It didn’t take long for Boggs to start blasting us on social media.
We were barely back on the road before the narrative became that we stole his money and quit the tour for no reason. For all the Damn Rascals knew, we had called it quits because we couldn’t handle life on the road. It’s funny to be starving, sunburned and exhausted, sweating to death in a van with no air conditioning in the desert, and have strangers in comment sections accuse you of being pampered. I was writing about all of it in the pages of AMP Magazine, but for all anyone knew, I could have been acting as a mouthpiece for the band. I wasn’t, of course, but the chronically online are rarely hungry for truth.
The first all-night drive back led us to Lawrence, Kanas. Al from KTP—a friend of the band—assured us that his door was always open to weary travelers. There was an unmistakable spiritual serenity found in Lawrence that I’ve been chasing ever since. Al volunteered to buy us all dinner and a round of drinks, and just that simple act made him seem like the greatest human on the planet. His house felt so warm and safe that I wound up getting some of the best couch sleep of my entire life in his living room.

I can remember how bonded I felt to everyone as we were traveling back to California. We were all within a stone’s throw of the same age, which meant our chemistry held the same mixture of ‘90s nostalgia and 21st century cynicism. All of us shared a dark sense of humor, the same whimsical belief in doing the impossible. We would have lost our minds on the road if not for each other.
Chi Chi and Justin drove the next 600 miles into Amarillo, Texas. The only tangible benefit to driving all night is seeing the sunrise over a new city. As such, we were first in line at Cadillac Ranch that morning. It’s difficult to resist the charm of something so kitschy and uniquely American, especially when it finally resulted in a story for the folks back home that wasn’t so god damn depressing. Before we left, we went on an Indiana Jones style quest to find Chi Chi the perfect belt buckle because, you know, when in Rome …
When we stopped the next morning in Santa Rosa, New Mexico to let the van rest, I noticed on the map that we were about halfway between Hannibal and home.

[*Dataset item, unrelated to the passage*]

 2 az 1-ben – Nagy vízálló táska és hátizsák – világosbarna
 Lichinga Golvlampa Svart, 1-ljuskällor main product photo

The tour was broken down in shambles behind us, and ahead of us lay a giant question mark, if we were lucky enough to even make it that far. Feeling they owed their fans an explanation, the band sat down to write a letter that they would post on their socials. Lucky for us, I found it:
Dear Fans and Friends (To Whom It May Concern),
If you are reading this, congratulations, you can read! We were very excited to rock your nips off, but due to several hundreds of thousands of dozens of dollars being lost, we had to reassess our predicament when we reached the Mississippi River. Since our van was very sick, we had to take it to a local van doctor. Apparently, our van was possessed by the evil Icelandic hockey team from D2: The Mighty Ducks.
Having no more dozens of dollars left, no access to pieces of eight, no pirate treasures, and discovering our promised tour support money was nothing more than a handful of Chuck E. Cheese tokens and a pile of ski-ball tickets (and although we had an abundance of nick-nacks and slappy hands) we discovered we had no acceptable currency for auto repairs.
Stuck in a pickle, we were left with no choice but to sell Tyler Evans from AMP Magazine to a dirt farm in Edmond, OK (home of the spotted milk bison, “Where You Want to be Free”). We came up with enough pesos to limp our way back to Los Angeles (“City of Fallen Angels and Constant Danger,” where we winter as superheroes) at a brisk pace of 35 mph. Unfortunately, we will not be able to rock your nips off on this particular tour, but on the other hand, now you get to keep them.
Luckily, the full harrowing tale will be told by Tyler Evans on ampmagazine.com. Fair warning though, his final article may be a little bitter towards us as he is currently being used as a plow on the aforementioned dirt farm. The whole ordeal has left him red in the face.
Love (and always nasty),
Chi Chi
P.S.- We know all three dozen of our fans are as bummed as we are that we can’t make the tour, but we have surprises in store for you later in the year.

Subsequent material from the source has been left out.